Tuesday, 21 April 2009

weather - What makes a really good observatory site, besides altitude?


• Not near an active or dormant volcano (but Mauna Kea seems to disprove this?). This is kinda a bummer because a lot of tall mountains seem to be volcanic.




There's nothing intrinsically wrong with dormant volcanos, as Mauna Kea and the observatories in the Canary Islands demonstrate. Not sure where you would have gotten that idea.




• Somewhere with clear and/or dry weather for as much of the year as possible




Clear weather is essential -- you can't observe when it's cloudy!



Dry weather is very good, especially for infrared observations (water vapor blocks a lot of infrared light).




• Not near major light pollution like cities




Yes.




• Cold weather is better than hot weather? Not sure I understand that; if it's uniformly hot or cold then I dont see how it makes a difference.




Cold climates tend to have drier air. (Antarctica is an extreme case.) Of course, being on top of a mountain means colder air, which is why Mauna Kea is good despite it's being in the tropics.




Am I missing any? Or are these wrong in some way?

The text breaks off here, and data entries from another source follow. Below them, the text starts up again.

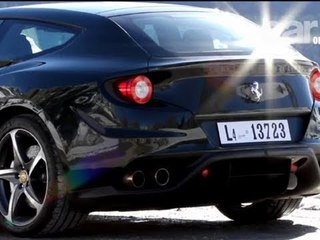 First Ferrari FF crash (2011) CAR review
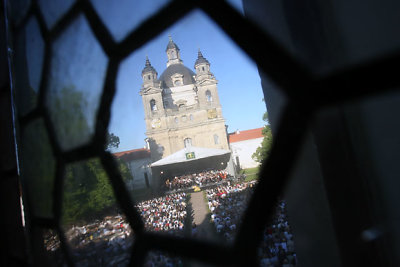 Pažaislio architektūra.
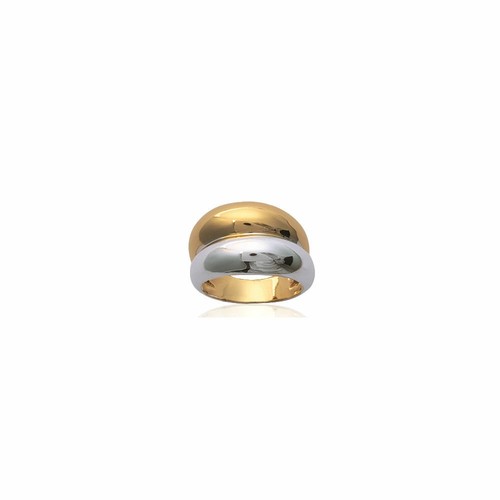 Bague double jonc - , tons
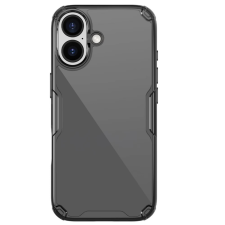 Nillkin Nature Pro hátlap Apple iPhone 17 átlátszó-fekete tok és táska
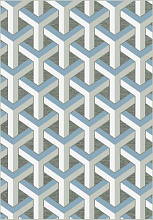 Рельефный ковер из вискозы GENOVA R 38515 6959 50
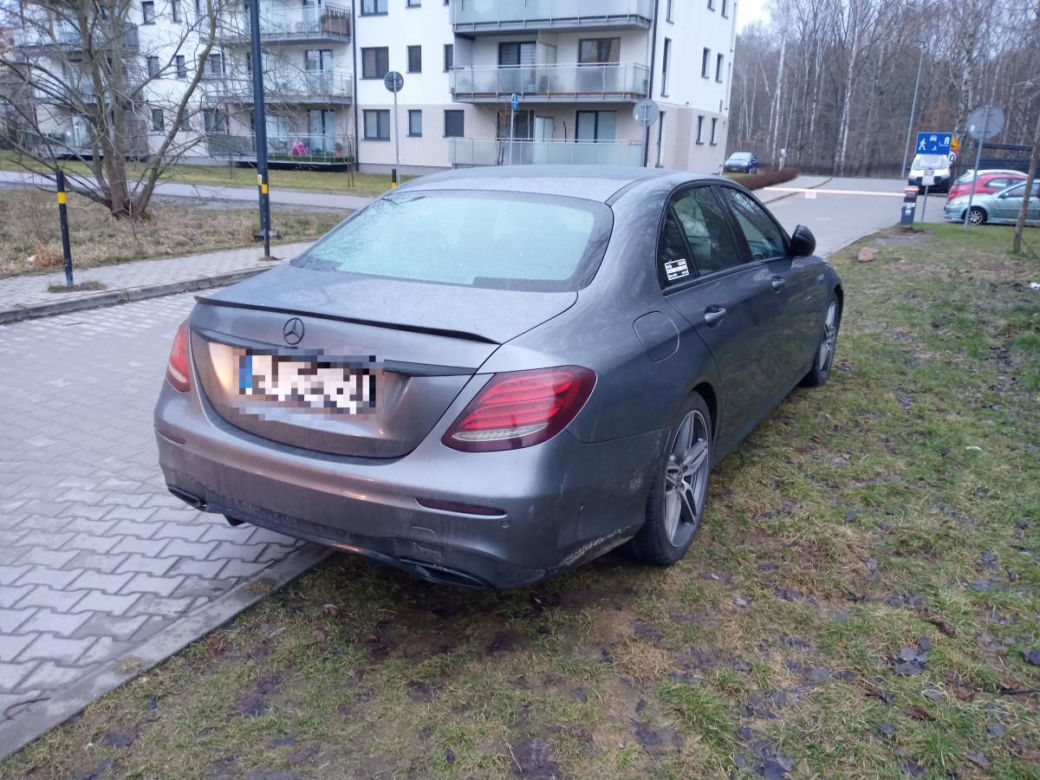 Olsztyńscy „mistrzowie parkowania”. Straż miejska była dla nich bezlitosna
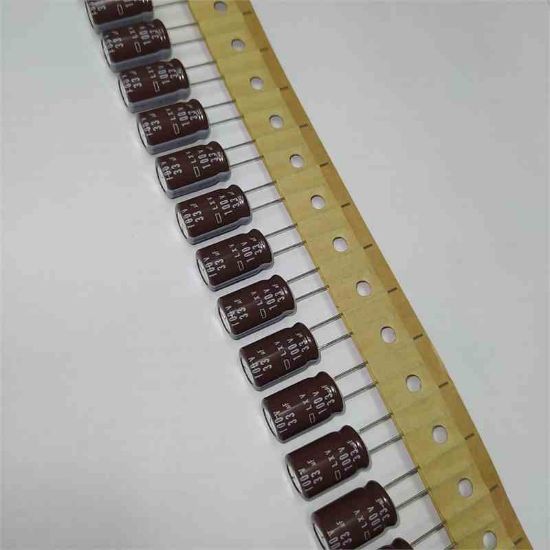 TD04RLXV100VB33M 33MF 100V 10X16 105 NIPPON ELKO KONDANSATÖR resmi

You also want stable air with good "seeing", which rules out places with turbulent air and lots of wind (and is another reason mountaintops are good: they're usually above the most turbulent layers of the atmosphere).
Quoting from this page (which has a good discussion of the general topic):




Seeing ... requires at minimum a lack of extra turbulence at all atmospheric levels, and seems to be best satisfied in the convergence zones just outside the tropics, at latitudes about ± 30º. Also, minimal local turbulence is often associated with mountain peaks that reach into the otherwise undisturbed oceanic airflow, as on islands or coastal ranges (and given the direction of the planet's rotation, this generally favors western coast ranges).